To support secure dynamic operations, we design a variant of bucket construction. Accordingly, \(\mathsf {Insert}\) and \(\mathsf {Delete}\) are proposed to add and remove an identifier from the encrypted index, respectively. We note that updating a given record causes the change of its LSH hash values. As a result, its identifier will be relocated by first triggering \(\mathsf {Delete}\) and then \(\mathsf {Insert}\).

Explicitly, we store the state information of ciphertext at the server, and ask the client to use fresh random masks generated from the state information to re-encrypt all the buckets which have been accessed in a given query. During the update, the bucket, whose underlying content is truly modified, is hidden due to the re-encryption. In particular, we design the bucket in the format such as: \(B^* = (P(K_5, s) \oplus A || v_j, Enc(K_4, s))\), where \(K_4\) and \(K_5\) are private keys, \(v_j\) is used to guarantee the correctness of \(\mathsf {Search}\), and the fresh random mask is generated by updating a random seed s. We note that the setup phase and the insertion phase remain unchanged when building the dynamic index. Only the encryption phase is different.
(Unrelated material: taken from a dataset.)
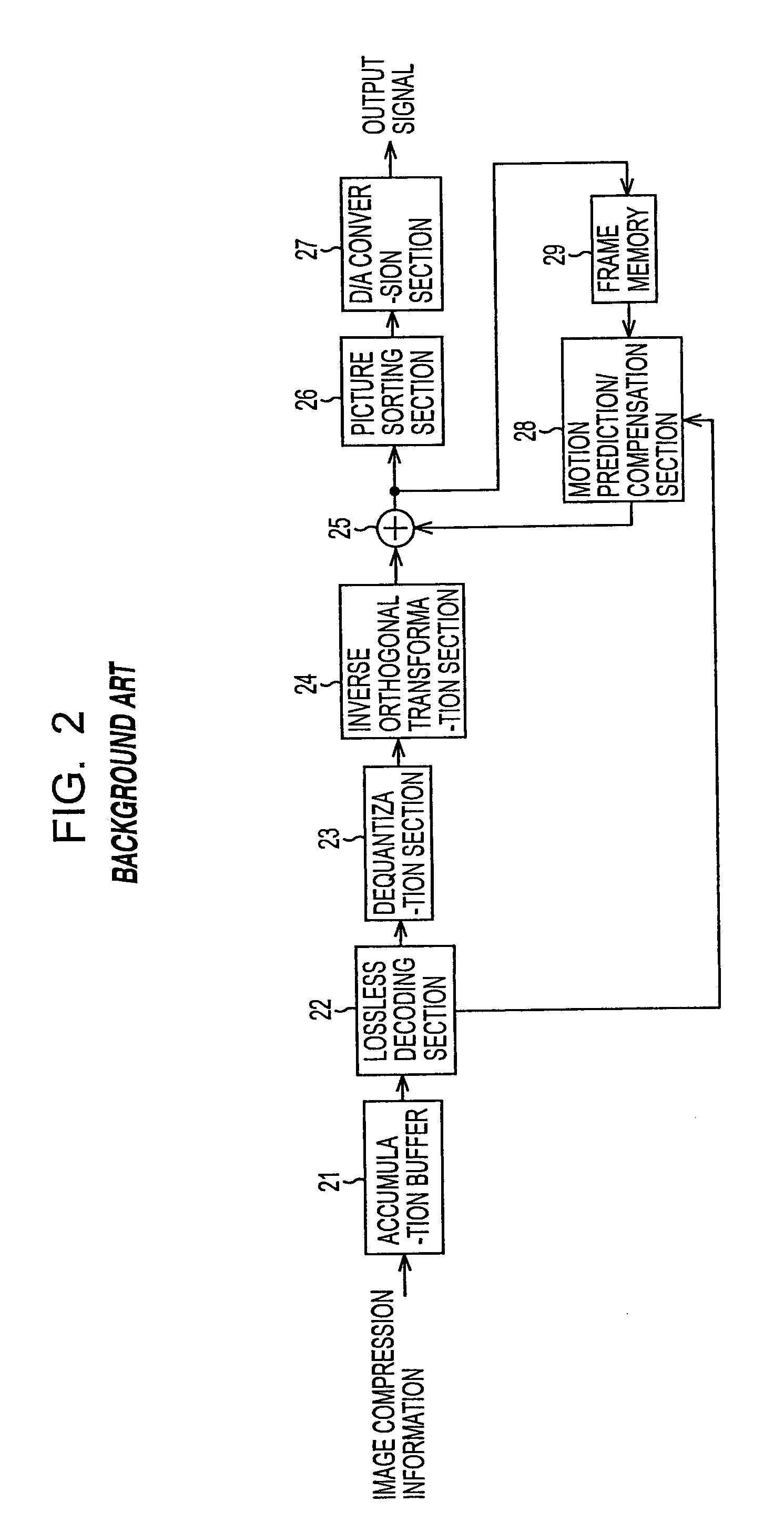 Coding device and method, decoding device and method, recording medium, and program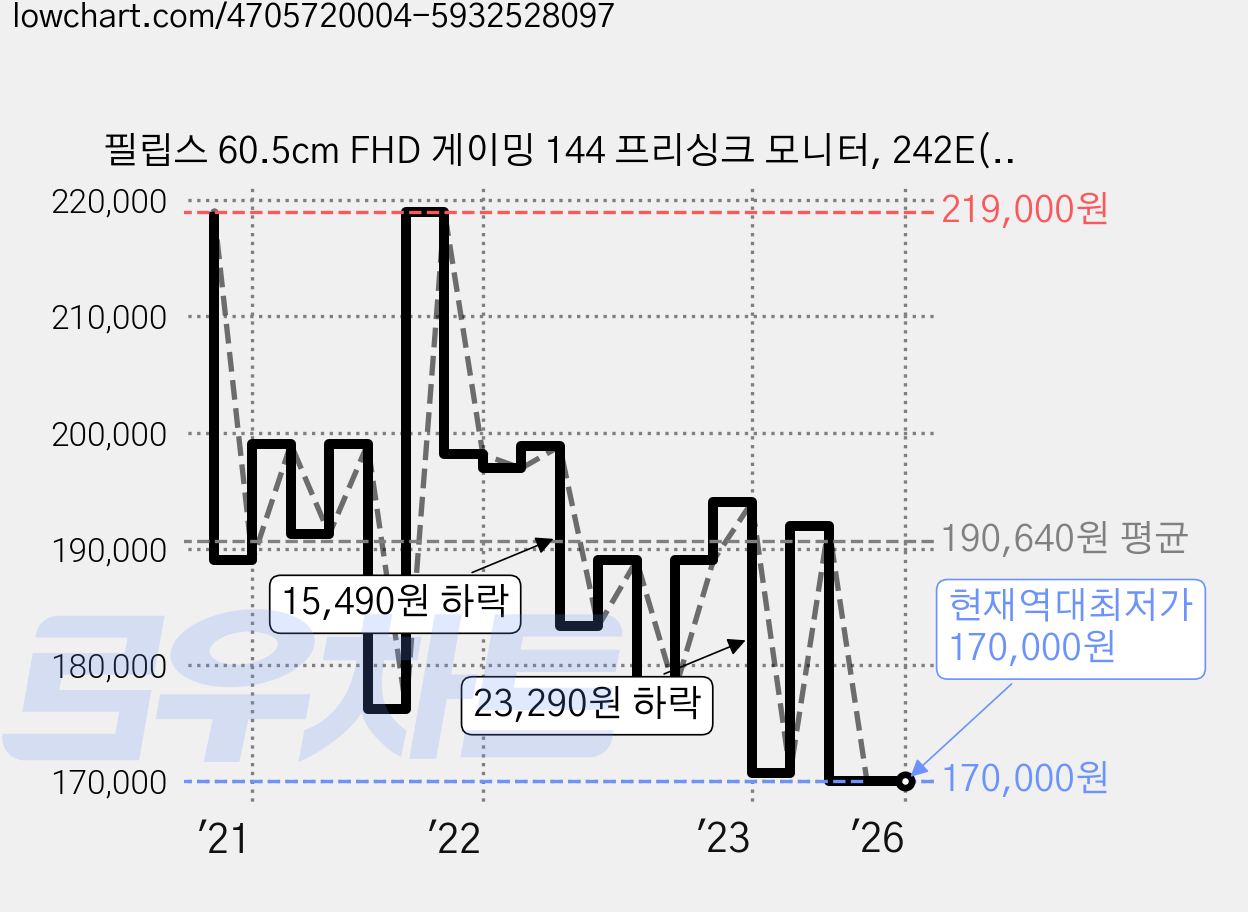 필립스 60.5cm FHD 게이밍 144 프리싱크 모니터, 242E(무결점) 가격 변동 차트, 현재가 170,000원, 역대최저가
To insert a new record, one straightforward solution is to follow the insertion stage in \(\mathsf {Build}\). However, such procedure could trigger cuckoo-kick and cause many interactions between client and server. Besides, the client needs to re-encrypt all accessed buckets in each interaction, which will introduce computational burdens. Alternatively, we employ a similar approach of adaptive probing to moderate the communication and computation overhead. To insert an identifier A of given D, the client generates the trapdoor to enable the server to iteratively return l buckets (one for each hash table) until A finds a vacancy to stay. As we only notify \(d_{max}\) to the server, it is required to use a map to record the latest probing step \(\delta _{v_j}\) for each distinct \(K^1_{v_j}\), where \(\delta _{v_j}\) starts from \(d_{max}+1\). We also note that setting a less aggressive index load factor will help to insert A. As a result, the client can retrieve the latest probing buckets \(\{T_j[u_j(G(K^1_{v_j}, \delta _{v_j}))]\}_{l}\) in each table. If no bucket is empty, the client will keep on asking the server to return l new probing buckets by incrementing each \(\delta _{v_j}\) for j from 1 to l, i.e., one bucket in each of l tables. To hide the location of A, the last l buckets are re-encrypted via fresh random masks.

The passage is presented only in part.